Rappel du principe de la dissonance cognitive

Jeff R. Clark explique que la dissonance qui résulte de la prise de décision peut être réduite de quatre manières différentes :

(1) en révoquant sa décision,
(2) en augmentant l'attractivité de l'alternative choisie,
(3) en diminuant l'attractivité de l'alternative non choisie,
et/ou (4) en établissant plus de similarité entre les alternatives.
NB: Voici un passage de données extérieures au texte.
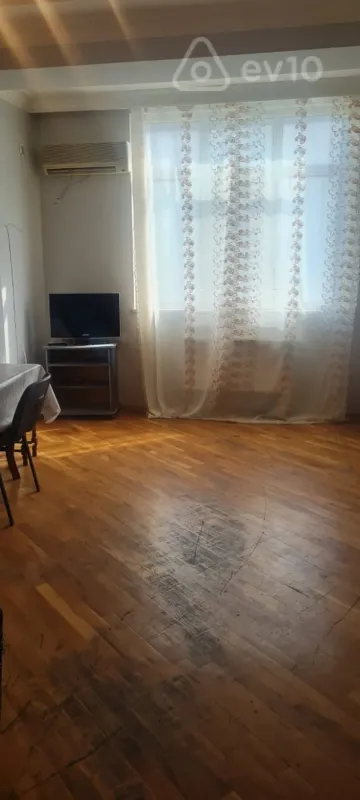 Kirayə verilir 2 otaqlı köhnə tikili 65 m²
De nouvelles informations auxquelles un individu est exposé, intentionnellement ou non, peuvent entrer en conflit avec ses opinions ou attitudes, et ainsi provoquer un inconfort psychologique. Des personnes peuvent être involontairement exposées à des informations, accidentellement ou par la force, par le biais des messages des différents médias, comme par exemple lorsqu'un fumeur lit pour la première fois les avertissements sur un paquet de cigarettes. L'exposition à l'information peut changer le comportement de l'individu soit en réduisant la portée cognitive de ce qu'il perçoit (il ferme les yeux de façon symbolique), soit il l'évite intentionnellement, soit il change d'opinion après y avoir été exposé.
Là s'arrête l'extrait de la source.